▸ **GOAL OF THE EXERCISE**: Restate every line of the data word for word, except for the images.

▸ **COLLECTED MATERIAL**:
========================================================================

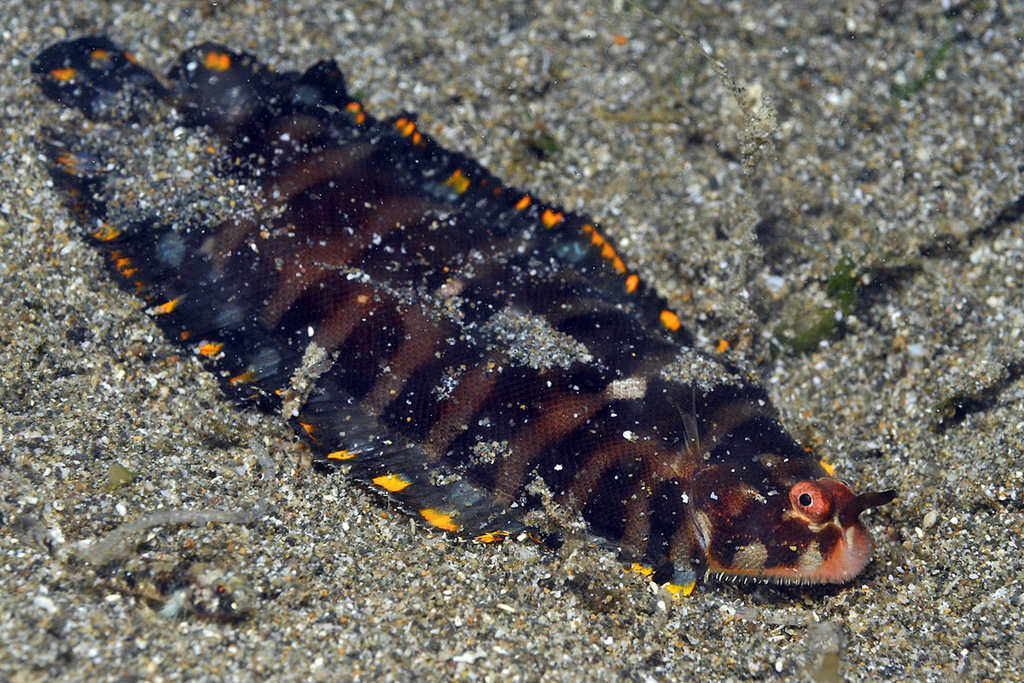 Soleichthys siammakuti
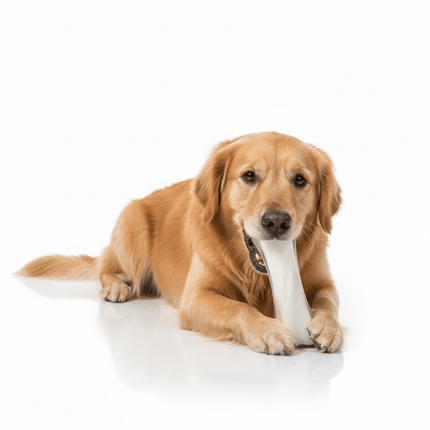 Nunbell Dog Nunbell Premium Silicone Dog Chew Toy Bone Shape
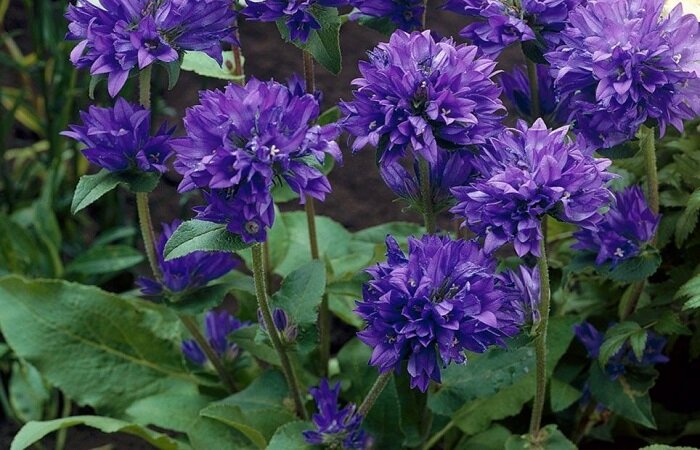 Колокольчик скученный (Campanula glomerata)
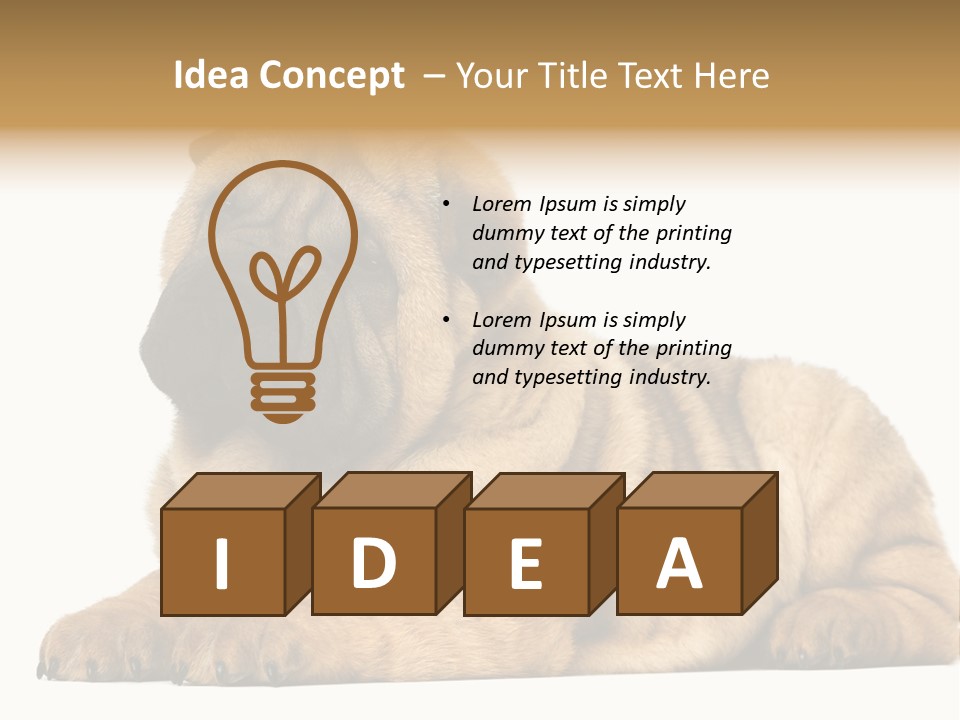 Shar Pei Puppy Lying Down PowerPoint Template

========================================================================

▸ **WRITTEN ANSWER**:
 Soleichthys siammakuti
 Nunbell Dog Nunbell Premium Silicone Dog Chew Toy Bone Shape
 Колокольчик скученный (Campanula glomerata)
 Shar Pei Puppy Lying Down PowerPoint Template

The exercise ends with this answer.